Multi-level stations have lifts for all to use, with clearly identifiable, accessible controls inside and out. New and renovated lifts also have a support rail and a system that informs you of the cabin’s movements—going up, going down, current floor, and alarm system—in compliance with France's AFNOR 81-70 standard.

To help you move through the station, we’ve provided ramps with slopes that are carefully designed for optimum safety. Landings are positioned at the top and bottom of each ramp, and also within ramps that are longer than 10 metres and steeper than 4%.

Lifts and mobile ramps
When the gap between the train and platform is too high for a mobile ramp, lifts enable wheelchair users to board our trains with ease. New power lifts, tested and approved by persons with disabilities, are gradually being installed in our stations. They’re more comfortable for you and easier for our employees to use.

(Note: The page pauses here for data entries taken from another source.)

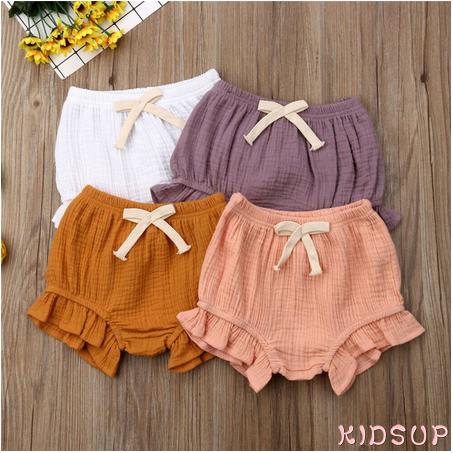 Quần short cotton nhún bèo xinh xắn che tã cho bé gái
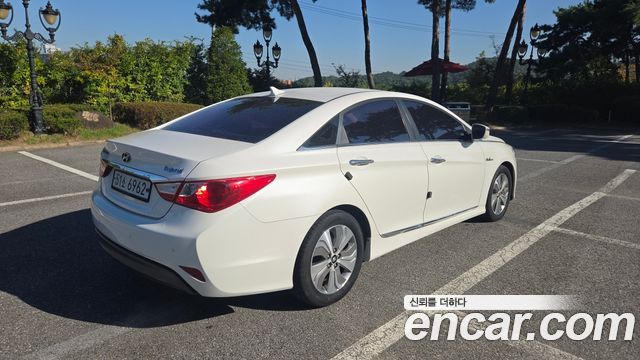 Hyundai Sonata Hybrid 2.0 Modern 2014 — фото 6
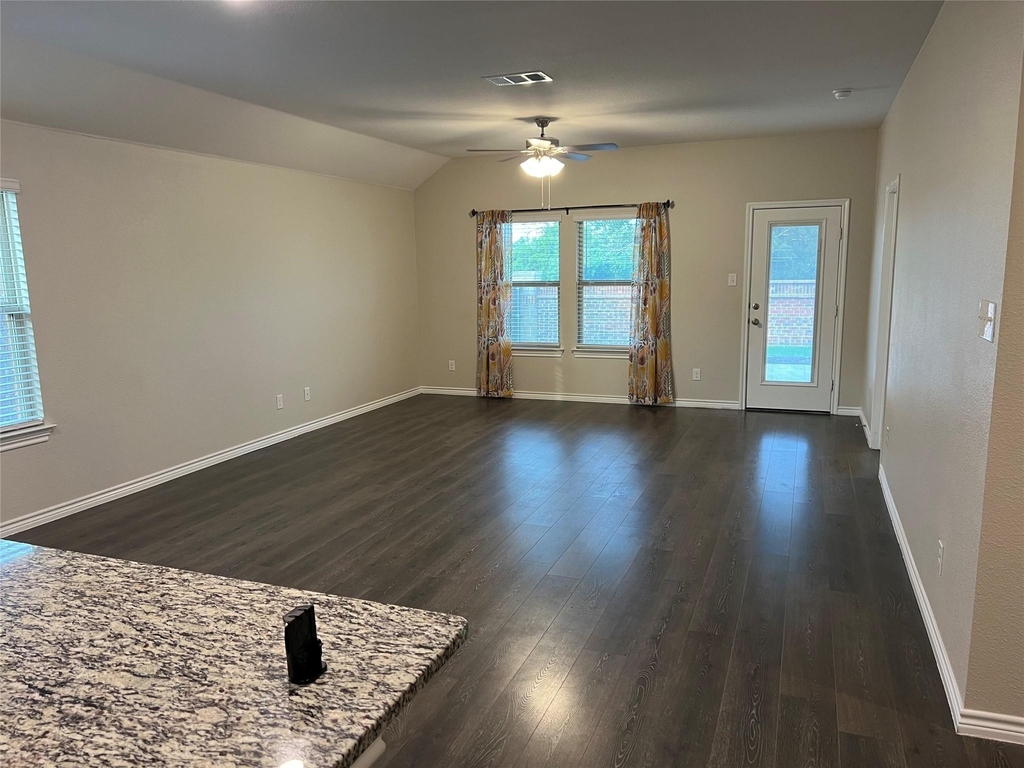 1007 Branding Iron Lane - Photo 3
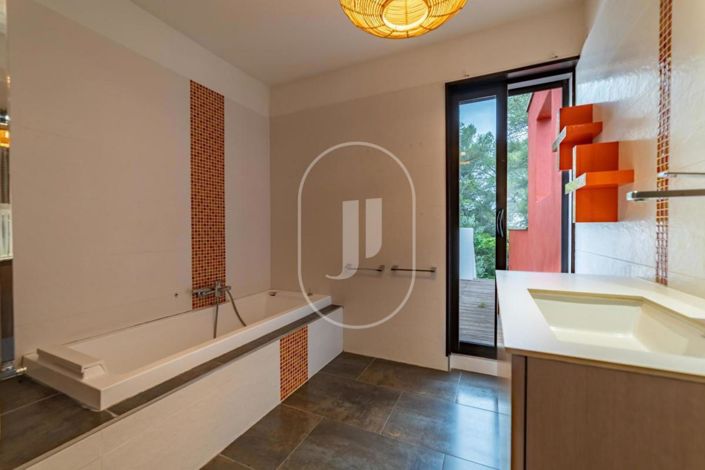 Image No.8-4 Bed House for sale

To make our stations easier to navigate, we're overhauling the signage, making improvements that include a more effective font. We’ve also installed courtesy signs near waiting and sales areas:

  • Priority access: persons with disabilities or limited mobility take priority in lines for ticket windows and information desks
  • Priority seating: persons with disabilities or limited mobility take priority for seats in waiting areas
  • Priority space: waiting areas include priority spaces for wheelchair users

Do you have priority status?

You have priority status if you hold:

  • a disability card with a rating of 80% or more
  • a priority card
  • a disability card marked “difficulty standing” or “disabled priority”
  • a family priority card

Don’t hesitate to make other passengers aware of your priority status.

Talk to us

For many years now, we’ve been working to improve our communication with you. Our stations feature a variety of systems to assist all customers, including those with hearing and visual impairments.

Help points
Help points are designed primarily for passengers with disabilities who wish to contact an SNCF employee as soon as they enter the station. Here’s how they work:

  • help points are located at the entrances of complex stations so you can use them immediately
  • their touch screens can be activated with the tip of a finger
  • an SNCF employee will establish visual contact with you and provide the information you need
  • an employee can also come to meet you and escort you to your train

Help points are also designed for wheelchair users and visually impaired customers. If you have a visual impairment, you can locate the help point with the same remote you use for the audio beacons. Simply press the remote to activate the help point and its audio message.

Induction loops
Do you use a hearing aid? Induction loops make it easier to hear in our stations by capturing sounds at the source and transferring them directly to your hearing aid. Here’s how they work:

  • look for induction loops near the ticket windows and passenger waiting areas
  • switch your hearing aid to the “T” setting
  • you hear the other party with maximum clarity
  • background noise is filtered out
  • you can communicate more easily

Virtual sign language interpreter
Jade, our virtual employee, translates some audio announcements into French Sign Language. You’ll see her on flat screens in some of our stations.

More amenities

We’re gradually installing special amenities to make the time you spend in the station as pleasant as possible, whether you’re arriving or departing. These new features will make our stations more accessible for everyone.

Car parks
At many stations, parking spaces near the entrance, reception area and lift are reserved for passengers with disabilities and have all the necessary features for accessibility. These spaces have several key features:

  • special markings on the pavement
  • vertical signs
  • extra width to allow wheelchair users to navigate them safely

Ticket windows
Our new ticket windows include extra room under the counter, giving wheelchair users the legroom they need. They also feature induction loops for hearing-aid users. Priority windows are clearly marked and easy for all passengers to identify.

Toilets for passengers with limited mobility include grab bars and sinks positioned for wheelchair users. Switches and controls are also designed to be easy for all to use, and flashing lights inside the toilets alert hearing-impaired passengers to emergency signals.